Nothing below is to be printed except the lines between the line holding "Orange County Claims" and the line holding "3. Dan für Kerstin Neiniger 3.", inclusive, each exactly as it appears.

Input data below:

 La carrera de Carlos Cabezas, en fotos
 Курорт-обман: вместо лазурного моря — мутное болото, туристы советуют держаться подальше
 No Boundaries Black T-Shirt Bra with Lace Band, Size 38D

End of Input data.
Input data below:

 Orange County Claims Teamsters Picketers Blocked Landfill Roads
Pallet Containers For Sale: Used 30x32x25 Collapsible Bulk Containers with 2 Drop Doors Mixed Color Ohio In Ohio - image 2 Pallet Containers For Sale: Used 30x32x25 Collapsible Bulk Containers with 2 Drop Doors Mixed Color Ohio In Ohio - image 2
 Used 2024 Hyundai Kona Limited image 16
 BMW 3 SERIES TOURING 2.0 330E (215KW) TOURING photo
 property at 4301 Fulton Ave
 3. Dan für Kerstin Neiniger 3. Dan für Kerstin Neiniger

End of Input data.

### Exercise result
 Orange County Claims Teamsters Picketers Blocked Landfill Roads
Pallet Containers For Sale: Used 30x32x25 Collapsible Bulk Containers with 2 Drop Doors Mixed Color Ohio In Ohio - image 2 Pallet Containers For Sale: Used 30x32x25 Collapsible Bulk Containers with 2 Drop Doors Mixed Color Ohio In Ohio - image 2
 Used 2024 Hyundai Kona Limited image 16
 BMW 3 SERIES TOURING 2.0 330E (215KW) TOURING photo
 property at 4301 Fulton Ave
 3. Dan für Kerstin Neiniger 3. Dan für Kerstin Neiniger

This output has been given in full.